The man once known as Smog, with the help of the deft jazz drumming of Adam Jones, Brian Beattie’s electric double bass and Matt Kinsey’s textural electric guitar, sets about bringing his most recent, and most acclaimed album, Shepherd in a Sheepskin Vest, to life. Opening with the welcome of Writing, “it sure feels good to be singing again /From the mountain and the mountain within”, the mood is instantly confessional, sincere and often blackly comic. Cutting an elegant figure on stage, Callahan’s top button remains fastened around his neck, his trousers belted high and his parlour acoustic guitar high over his breast. His silver hair thick, like a television host from the 1960s, his Byrne-esque penchant for running slowly on the spot, seemingly an outlet for nerves, and his rich baritone, the sound of a maple tree being slowly felled, delivered to the audience through a sound system bent on capturing every syllable.

That the set features few songs from before Callahan’s hiatus from 2013 to 2019 speaks to how differently Callahan is connecting to his songs now. With many inspired by the change in his life of marriage, fatherhood, the death of a parent and a reassembled life that was no longer focused around music, songs now express dazzlement at the idea of domesticity. Over and over tonight, Callahan expresses a yearning for the simple and fantastical. “Come with me to the country”, he sings.  “Just you and me”. Or, “I'm just talking about the old days / Groundwork or footwork / Well, after this next song we'll get moving along”. 

Behind these homely sentiments, the band fill the space like physical embodiments of Callahan’s mind, sinuously occupying higher frequencies with cymbal brushes or melodic lines the grow from his strummed chords. The bass balloons through the room before vanishing to ensure not a word of Callahan’s is missed, a quality that could only be born from rehearsals that move from the musical to the telepathic. Older songs such as America and Too Many Birds are given freeform workouts. The first stretches out to allow Kinsey’s guitar to spiral and heave as he pushes against Jones’s rhythms, the second allows Callahan to tell us about his first 24 hours in Australia, time he spent sleep, feeling hungry, wandering the streets at night looking for food, and eating garlic toast, a story he invests with pathos, humour and warmth. It is also impossible to tell whether it was meticulously rehearsed or improvised.

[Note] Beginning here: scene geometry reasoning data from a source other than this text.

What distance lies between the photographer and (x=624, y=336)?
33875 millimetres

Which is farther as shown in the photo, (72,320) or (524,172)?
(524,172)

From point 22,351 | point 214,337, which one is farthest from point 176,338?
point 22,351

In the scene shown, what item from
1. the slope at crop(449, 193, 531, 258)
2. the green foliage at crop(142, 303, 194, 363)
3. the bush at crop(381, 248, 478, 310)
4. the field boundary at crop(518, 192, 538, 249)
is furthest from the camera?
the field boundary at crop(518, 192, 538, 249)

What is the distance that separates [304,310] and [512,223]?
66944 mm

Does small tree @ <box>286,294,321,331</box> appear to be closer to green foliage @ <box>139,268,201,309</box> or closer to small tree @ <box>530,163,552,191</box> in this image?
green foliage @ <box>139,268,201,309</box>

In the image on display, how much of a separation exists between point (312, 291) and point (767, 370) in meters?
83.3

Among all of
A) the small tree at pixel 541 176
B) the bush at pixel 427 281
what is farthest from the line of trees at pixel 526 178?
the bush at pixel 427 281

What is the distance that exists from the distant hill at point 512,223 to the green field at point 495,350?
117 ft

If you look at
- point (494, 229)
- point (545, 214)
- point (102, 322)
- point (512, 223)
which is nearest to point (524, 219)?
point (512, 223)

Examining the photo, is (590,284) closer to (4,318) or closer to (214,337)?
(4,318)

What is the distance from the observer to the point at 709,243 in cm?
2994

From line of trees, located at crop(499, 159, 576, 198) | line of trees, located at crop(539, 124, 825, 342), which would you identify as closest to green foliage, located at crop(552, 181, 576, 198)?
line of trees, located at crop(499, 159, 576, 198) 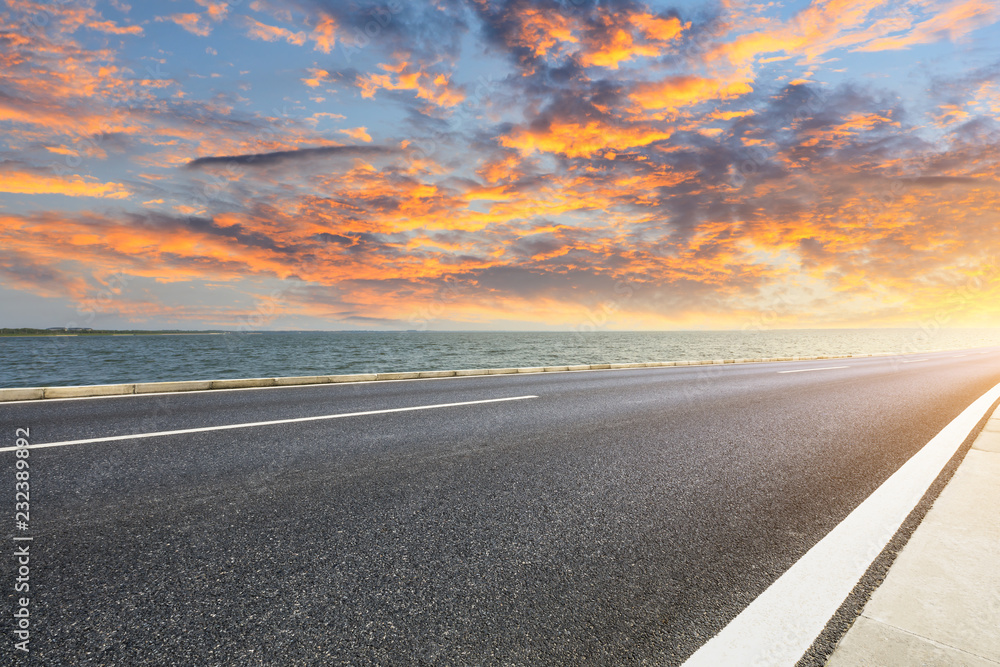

Highlights of the night include a stunning rendition of album highlights 747, Watching Me Get Married and Angela. Dips into his back catalog include Drover, Riding For the Feeling and Seagull. So strong are these songs, and so gloriously are they rendered, that classics such as Jim Cain and songs from his first 12 albums are barely missed. Even a cover of Leonard Cohen’s So Long, Marianne seems oddly a part of Callahan’s collection, and the song’s imagery – “You held on to me like I was a crucifix” – doesn’t seem out of place alongside his, “Like motel curtains, we never really met / And cutting our losses is our best bet”. As he asks in the closing verse of tonight’s opening song, ”Sometimes I have to wonder / Where have all the good songs gone?” Tonight, we’re given bigger things to wonder about.